Effects of woven textures on the mechanical and shape memory properties of epoxy-based shape memory polymer composites

Abstract

Woven fabrics are widely employed to enhance the mechanical properties and shape memory performance of shape memory polymers (SMPs). Although prior research has extensively investigated the effects of fiber fraction and laminate architectures on the thermomechanical properties of woven fabric reinforced shape memory polymer composites (WFR-SMPCs), the mechanistic understanding of mesoscale architectural features, particularly how woven textures influence the mechanical properties and shape memory behavior of SMPCs, remains inadequately explored. This investigation pioneers a mesostructure-driven design paradigm, correlating woven textures with shape memory anisotropy through mechanical testing and shape memory performance test. Three types of WFR-SMPCs were created using different woven carbon fiber fabrics (plain, twill, and satin) combined with an epoxy-based SMP. Microstructure analyses of these fabrics and their composites were performed.

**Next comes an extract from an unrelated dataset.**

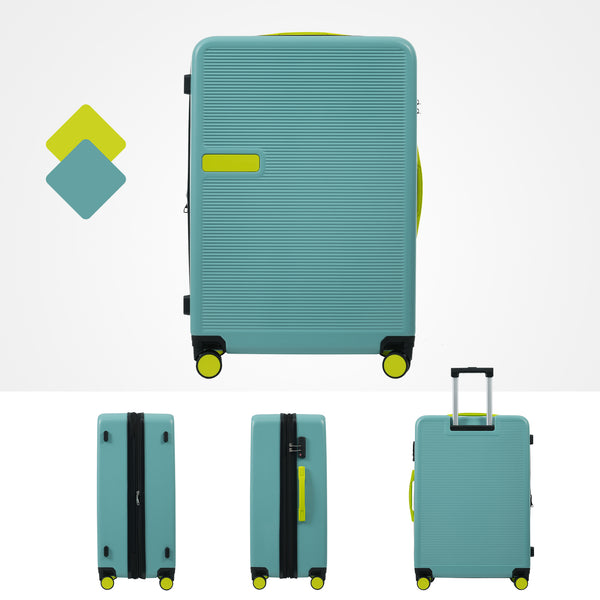 Hardshell Luggage Sets 3 pcs Contrast Color Suitcase with Spinner Wheels and TSA Lock 20" 24" 28" Available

Uniaxial tensile tests explored the mechanical behavior and failure mechanisms of WFR-SMPCs in both fixed and programmable states, thereby assessing the impact of different woven textures on their mechanical properties. Additionally, bending deformation-recovery experiments assessed the shape memory performance, revealing how weave texture influences this characteristic. The experimental results indicated that woven fabric reinforcement markedly improves the mechanical properties of SMP. Variations in tow interlacing across weave types led to differing mechanical properties and shape memory performance in both (0/90) and (±45) orientations. This research offers critical insights for optimizing the design and application of WFR-SMPCs in engineering contexts.